#### [WHAT TO DO]
Copy nothing but the line with "老挝榴莲乘冷链专列抵蓉，中老班列公铁联运出川分拨专线增至五条" and the lines that follow it to the end of the entries below, and keep the pictures out.

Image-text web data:
>>>>>

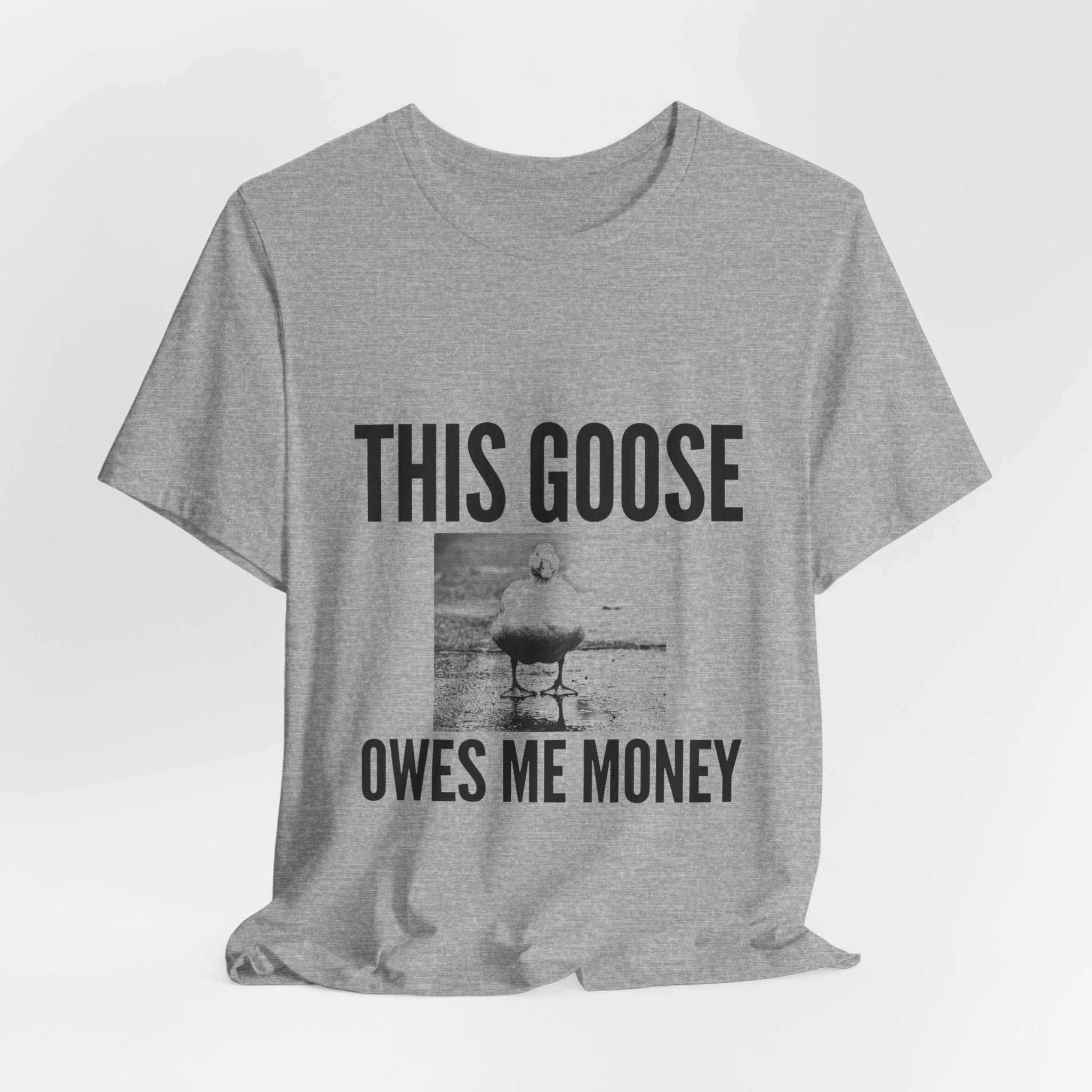 This Goose Owes Me Money Tee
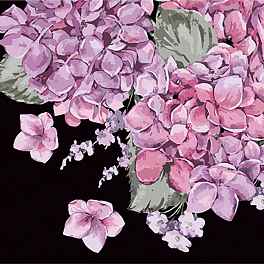 Картина за номерами Цвітіння гортензій (40х40 см)
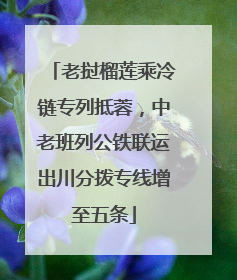 老挝榴莲乘冷链专列抵蓉，中老班列公铁联运出川分拨专线增至五条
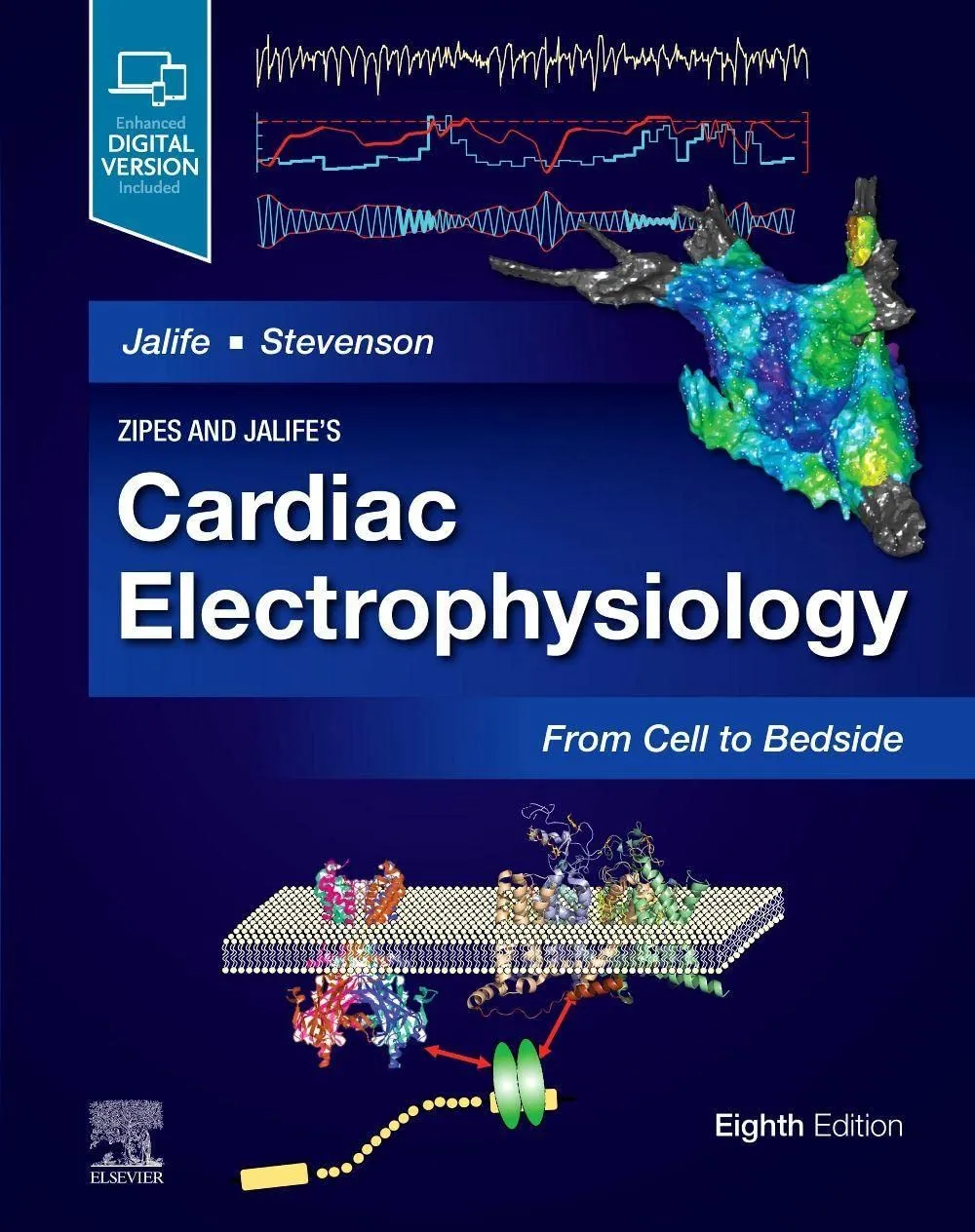 Image of Zipes and Jalife's Cardiac Electrophysiology: From Cell to Bedsid - 8E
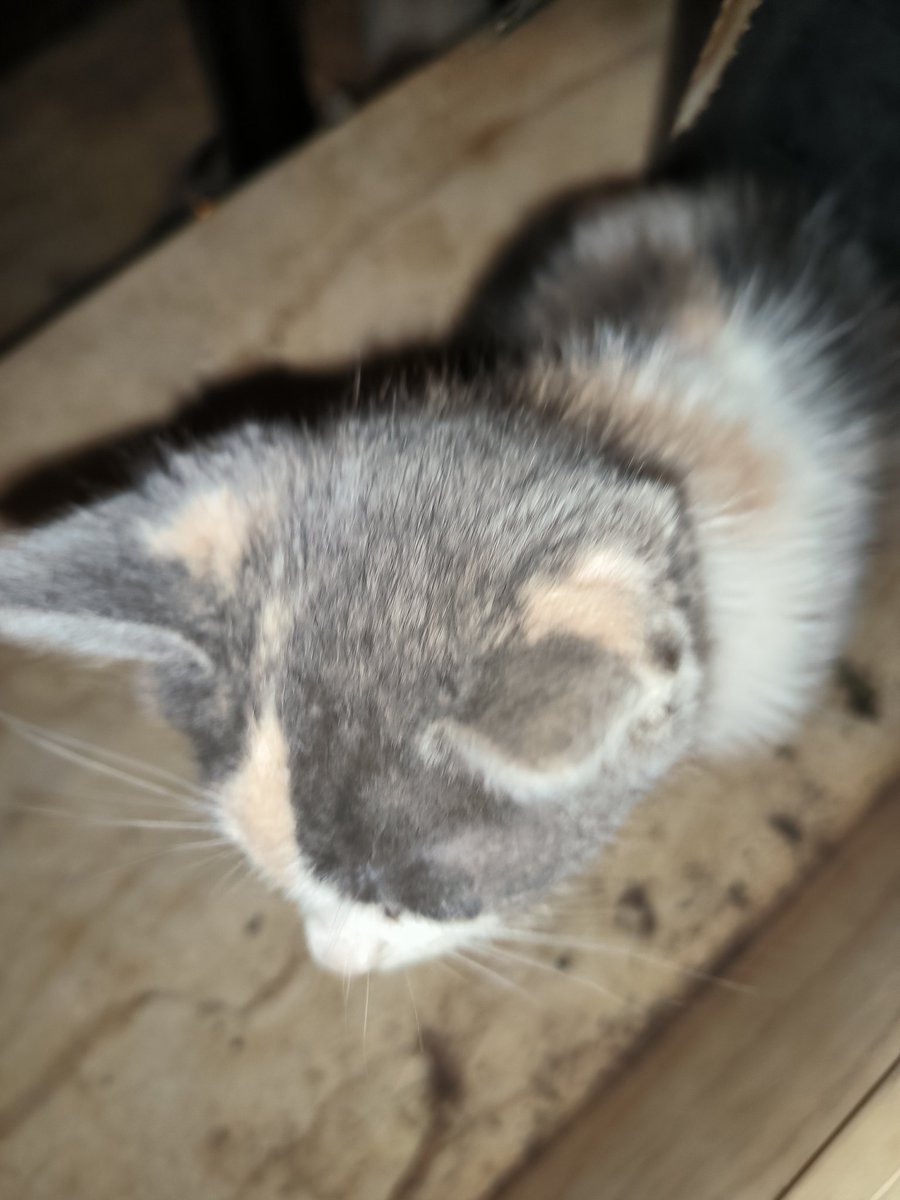 Undi4gn0sed's tweet image. Mew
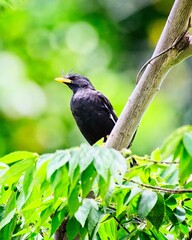 Acridotheres grandis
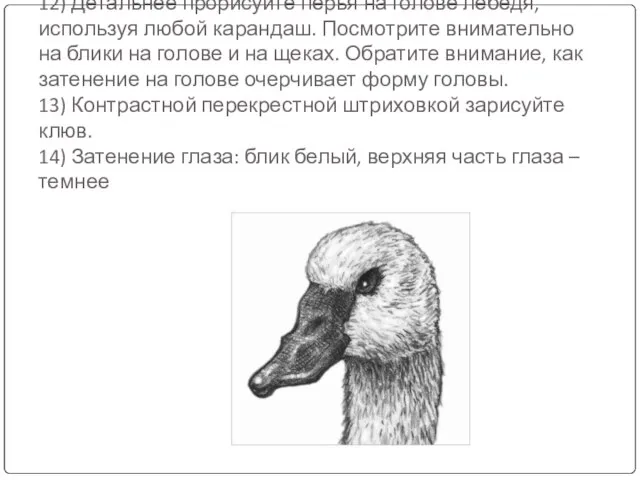 12) Детальнее прорисуйте перья на голове лебедя, используя любой карандаш. Посмотрите внимательно
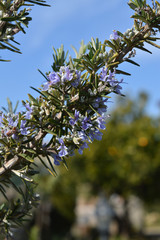 Close-up of Rosemary Flowers, Macro Nature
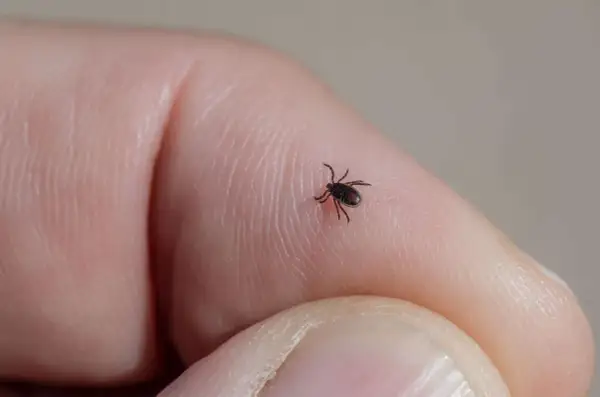 Jak wygląda zdrapany kleszcz i co zrobić, gdy pozostaje fragment?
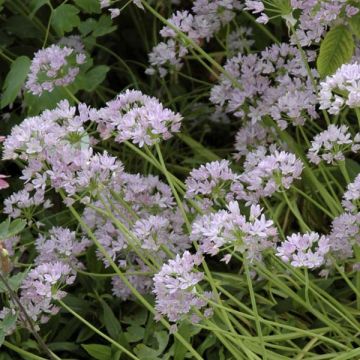 Allium unifolium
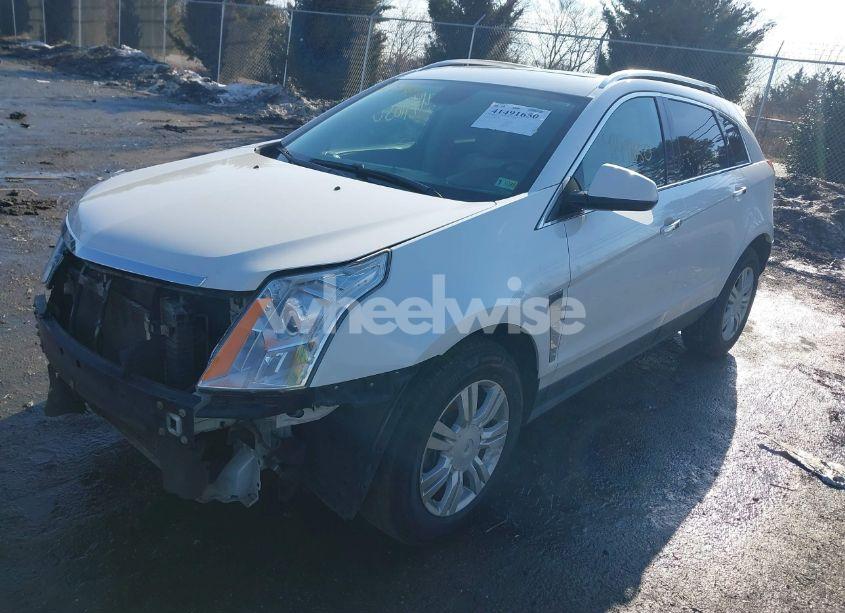 Photo 2 of 2011 Cadillac Srx LUXURY COLLECTION (VIN 3GYFNAEY0BS508989)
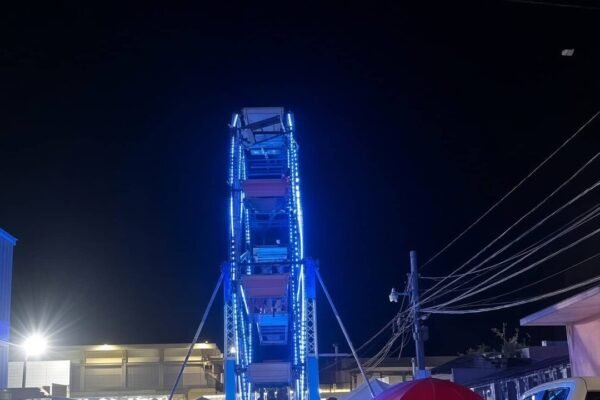 Una noria con luces azules en una feria de atracciones, de noche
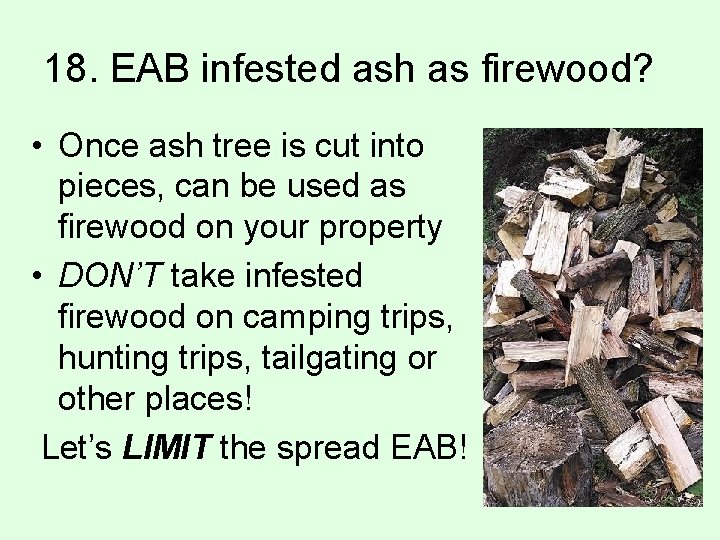 18. EAB infested ash as firewood? • Once ash tree is cut into pieces,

<<<<<

#### [RESPONSE TO THIS EXERCISE]
 老挝榴莲乘冷链专列抵蓉，中老班列公铁联运出川分拨专线增至五条
 Image of Zipes and Jalife's Cardiac Electrophysiology: From Cell to Bedsid - 8E
 Undi4gn0sed's tweet image. Mew
 Acridotheres grandis
 12) Детальнее прорисуйте перья на голове лебедя, используя любой карандаш. Посмотрите внимательно
 Close-up of Rosemary Flowers, Macro Nature
 Jak wygląda zdrapany kleszcz i co zrobić, gdy pozostaje fragment?
 Allium unifolium
 Photo 2 of 2011 Cadillac Srx LUXURY COLLECTION (VIN 3GYFNAEY0BS508989)
 Una noria con luces azules en una feria de atracciones, de noche
 18. EAB infested ash as firewood? • Once ash tree is cut into pieces,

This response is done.